Those radio and TV networks were, before the internet, the only way you could broadcast to the nation, or the city, or the region or whatever. If you wanted to reach many people and not in print, you had to be on them. As you note, this is no longer the case.

The resource you want access to is, variously, either the internet itself or (e.g.) Signal's audience. You don't need Signal for the former, and you don't have any constitutional or moral right to the latter.

1 comments

You prove to still be misunderstanding. Firstly in that "Signal's Audience" is not a thing under contention - it's willing parties who are already both using Signal being prevented from using that tool to talk about [x] with one another. It's constraining communication by content once you've already granted someone the tools that is the problem.

Even so, I agree you have neither a constitutional nor a moral right to anything of Signal's in any case. And yet, the world would be a better place - for all people, Signal's staff and shareholders included - if they gave it freely. Nobody is obligated to spend their own time or effort to improve the world, but if we want the world to be a better place then somebody has to.

The more accessible unfettered communication is, the better the world is able to become. Full stop. Restrained communication is less capable of improving the world, because restrained communication is less capable of changing the world at all, because those invested in the status quo have incentive to restrain communication which could make change.

Firstly, Signal is completely irrelevant here: they cannot censor based on message content, and have (for now) said that they will not (based, presumably on the fact that they cannot).

Secondly, in the case of a company such as Twitter, which can censor based on content, they are free to say that they think that the world is a better place if they do indeed play that role. You may disagree with them. I might even disagree with them too. But they are free to take that position, and I would contend that requiring them to follow your instincts on this is, in the long, a greater harm than figuring out net neutrality rules for the wiring (so to speak).

It will be a much better world where someone kicked off Twitter can move to Twotter or Trotter or Titter or Tatter, than one where Twitter is told what to do by governments.

Firstly, this article and the discussions on this page are about Signal, it's hardly irrelevant. For the particular case of the company Signal, there are many actors claiming that censorship is needed. Signal for now disagrees, but even on this page you'll find people that support that. Just because the way Signal is implemented today resists the model doesn't mean that's a guarantee into the future.
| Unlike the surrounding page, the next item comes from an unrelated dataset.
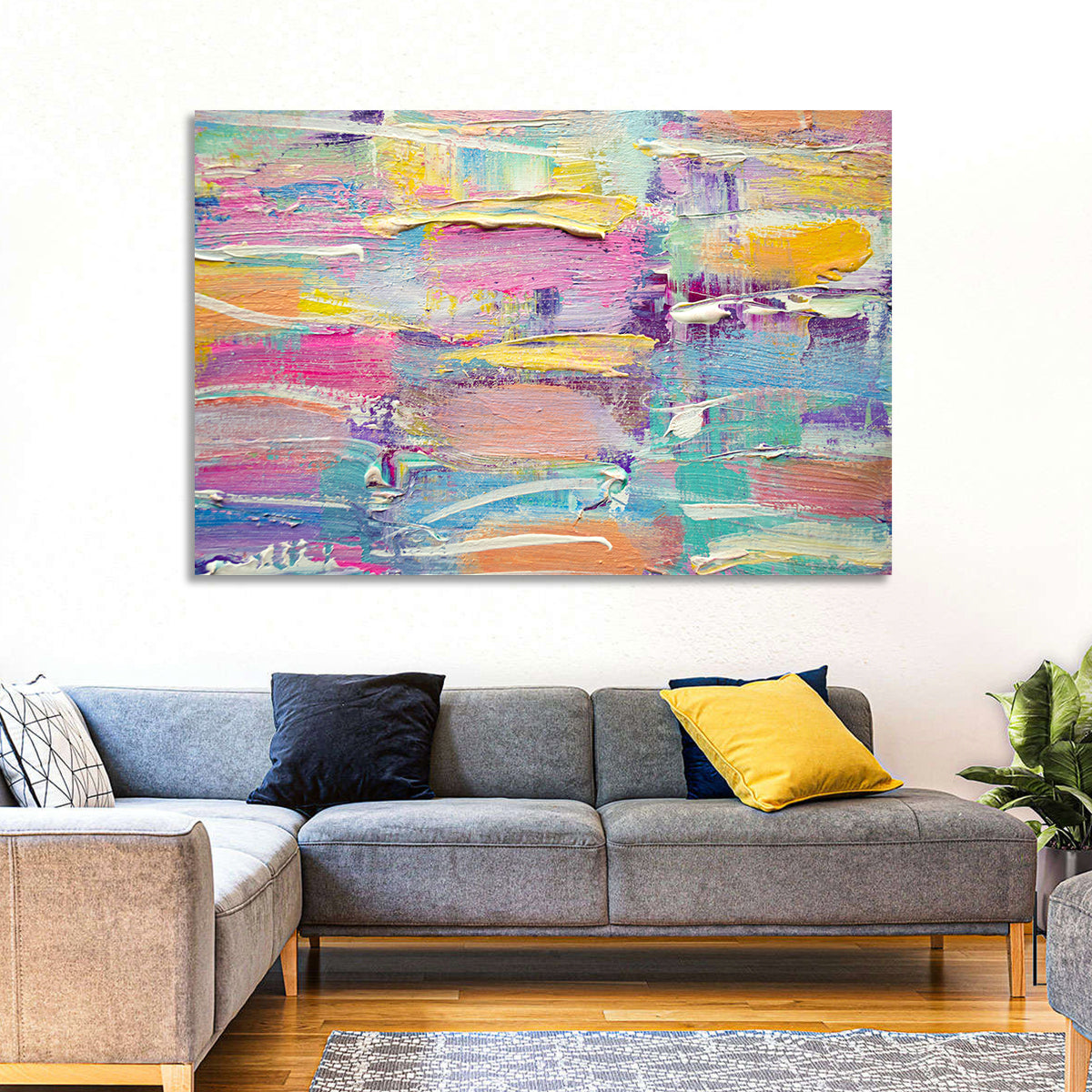Rough Board Brushstrokes Wall Art in a room, landscape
Secondly, there is no reason we cannot have it both ways. A single communications company with content-neutral policies is helping the world more than one with content-sensitive policies. Two communications companies with content-neutral policies in competition with one another may be better yet, but that does not make Twitter choosing to censor its users the right thing for them to do. I have not said the government should tell Twitter what to do, only that they should choose not to censor because that makes the world a better place.

There is a growing contingent of people, especially younger people, who do not understand how free communication underlies the ability to make any change at all. Who do not see that creating the tools to censor conversations harms the future. They see immediate benefits in clamping down on this or that harm (temporarily ignoring that they're making themselves the arbiters of right and wrong and giving them the power to declare what is or is not a harm in the first place) but not grasping that they will not be in control of those tools in perpetuity.